We actually happened upon this state park by mistake the first time. You see when we stopped at the rv resort to see about staying the night, as we were just passing through, they would not let us in. Come to find out, they are a 55 and older park and we are not of age yet. In hindsight I now know that 55 and older parks do need to let a certain percentage of non-55 years olds into the park. However, we did not know that at the time. And quite honestly, with that attitude, we did not want to stay there.
It ended up being a blessing because the only other place to stay was Picacho Peak State Park. We had never stayed at a state park before so we did not even know if we could fit. Looking online, we were sure we could fit and they had 50 amps at the sites!
One of the things that still amaze us is how big the Saguaro Cactus‘s (Cacti?) can get. Our coach is over 12.5 feet and these cacti just towered over us. They can live to be over 150-200 years old and can grow up to 40-60 feet in size!
This is one of our fond memories when we first discovered this park. When we drove through these Saguaro’s for the first time, we felt like we were driving through a movie set, because TV and movies is the only place, up to that point, that we had seen such sites.

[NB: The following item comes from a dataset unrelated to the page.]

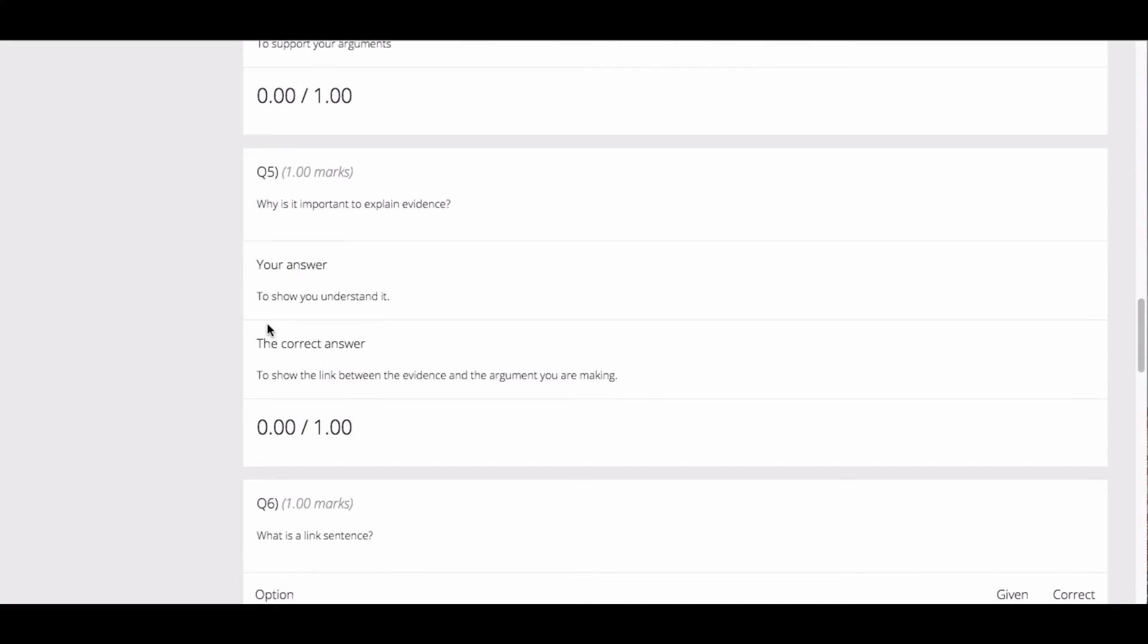For some questions, like short answers, you will see your answer at the top, followed by the correct or suggested answer. The marks assigned to the question will appear below the question.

It’s not a very big state park however they have some great hiking trails. The Hunter Trail recently won the “Best of Phoenix” winter hike. From the Picacho Peak State Park website: It’s a four-mile-round-trip butt-kicker, harkening to the likes of Camelback Mountain and Piestewa Peak. Steel cables and planks help nervous hikers overcome the steepest parts, and the 360-degree view at the top of the surrounding desert and nearby mountains is well worth the effort.”
We had a nicely overcast day and decided it was a nice day for a hike. We are not quite up for Hunter Trail (well, David could, I could not) so we set off on the Sunset Trail.
With beautiful views all around, this trail was a great one to try. We hit the trail at around noon and got back to our coach by 4pm. We did not quite make it to the top of Picacho Peak so if you want to attempt this trail; I suggest you start off earlier in the day. We did not want to tempt fate with the overcast skies and the sun starting to go down.
Plus we had slow smoked ribs waiting for us back at the coach. Yes, before we left for the hike, David put a rack of ribs on our cooker. So dinner was done when we got back. Even better!
Another thing we love about this park (and yes, you can get these anywhere out west) are the sunsets. You can see for miles and miles and nothing beats an Arizona sunset. A perfect ending to a perfect day of hiking and ribs.
So if you find yourself on I-10 and your looking for a nice stop over, I suggest you check out Picacho Peak State Park. They have electric at the sites, potable water and dump station available, bathrooms (although we’ve never used them nor looked in them) sites are really large (we have a 45 foot MH and we fit easily with room to spare) and they come with a picnic table and fire ring. Some are pull-thrus but most are back-ins. You can reserve sites online and view them before you select it. We’ve always had really nice rangers and you never know, we may be your neighbors. (Special “Shout Out” to the two other coaches that recognized us when we were there this time.)